Leroy then asked a local grist miller named Robert Channell about the rose bush, and the grist miller said, “That lassie was kinfolks to you.” “In fact,” he said, “I was there and I even helped pull her body from the water when she was found floating in the millrace.“4 It seems, however, Robert Channell didn’t recall her name. The girl was buried in a solitary grave, and above her a single rose bush began to grow. Nobody was sure who had planted it, but it continued to bloom year after year. Leroy Wingfield knew the ballad of Naomi Wise, and he believed without a doubt that he had discovered the historic site where she was buried. He enlisted the help of two local researchers, Mr. and Mrs. Chapman, who have since passed away. They discovered that the closest cabin to the grave was occupied by a man named Randolph Wise, and some said he had adopted the girl.

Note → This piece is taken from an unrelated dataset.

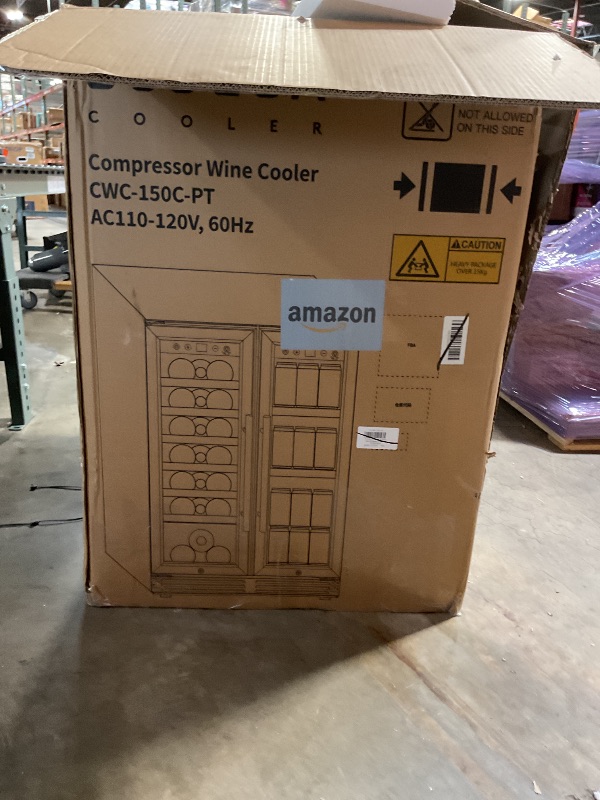 Photo 1 of ** NO HANDLES** BODEGA 24 Inch Wine and Beverage Refrigerator, Dual Zone Wine and Bar Beverage Cooler, Commercial Black Bar Cooler With 2 Glass Doors, Bar Fridge Hold 19 Bottles and 57 Cans,Built-In or Freestanding.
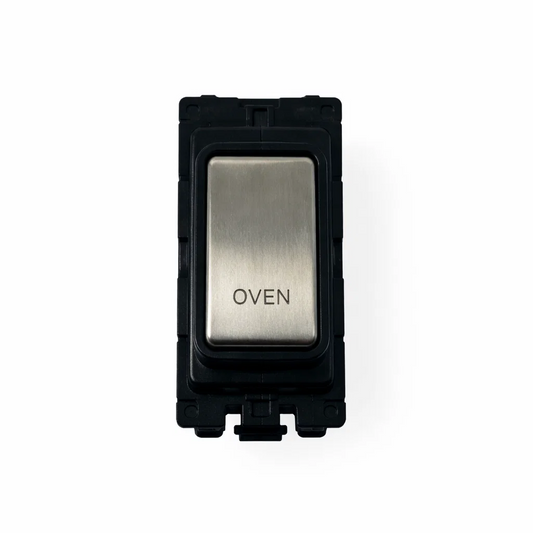 20A DP Switch - Engraved - Oven - Black and Satin Chrome Switch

Now in Randolph County, North Carolina there is solid evidence that a girl named Naomi Wise was drowned, probably by her lover John Lewis who was acquitted of the murder.5 There is even a large monument there in North Carolina in her honor. Nevertheless, West Virginia continues to claim her too. The Randolph County Historical Marker put a gravestone on top of Pheasant Mountain which reads “Naomi Wise, Killed in the Late 1870s”. Jim Comstock put the Naomi Wise Ballad into the West Virginia Songbag and the West Virginia Heritage Encyclopedia, declaring Naomi Wise as a “bonafide” West Virginian.6

We trudged up the hillside in the mud and rain to the grave marked “Naomi Wise”. I neglected to bring either my coat or Gerry’s umbrella on the walk, and my shoes were soaked, though I hardly noticed. I went to bed that night with my mind stirring with questions of the girl— who was she? If she wasn’t named Naomi, then surely her name is just as important to tell. Gerry Milnes thinks she really was named Ruhuma Nelson, but he said he didn’t want to disappoint his friend Leroy Wingfield too much, who passed away a few years ago, and I’m going with Gerry on this. Ruhama, Naomi, Omie, whose body now lies in Randolph County, WV, beneath a rose bush that was discovered by Leroy Wingfield, who brought Gerry to see, who then brought me. I woke up the next morning with a cold that didn’t leave for over a week, and my thoughts all tangled as to how to ever tell the story of West Virginia’s Naomi Wise.

sources:

1. Gerald Milnes. “West Virginia’s Omie Wise: The Folk Process Unveiled,”Appalachian Journal, Vol. 22, No. 4 (SUMMER 1995), 376-389. Gerry Milnes recorded this fragment verse from Thelma Andrews in Randolph County, West Virginia, May 23, 1993.

2. ibid.

3. ibid.

4. Gerald Milnes, interview by Roxy Todd, Sept. 18, 2012.

5. ibid. In his article, Gerry Milnes reference numerous accounts that the murder of Naomi Wise was a historic event in North Carolina: including, 1. The Frank C. Brown Collection of North Carolina Folklore, ed. Newman Ivey White (Durham: Duke University Press, 1952-64), Vol. 2, p. 690. 2. Craven’s text of “Poor Naomi,” first reprinted by The Randleton News, Randleton, North Carolina. See Frank C. Brown Collection of North Carolina Folklore, Vol. 2, pp. 692-3. Craven’s text is published in The Viking Book of Folk Ballads of the English-Speaking World, ed. Albert Friedman (New York: Viking Press, 1966), along with a tune transcribed from Victor 21625 (1927).

6. See Jim Comstock, West Virginia Songbag (Richwood, W.Va., 1974), pp. 449-501, and The West Virginia Encyclopedia (Richwood, W.Va., 1976), Vol. 23, 5142.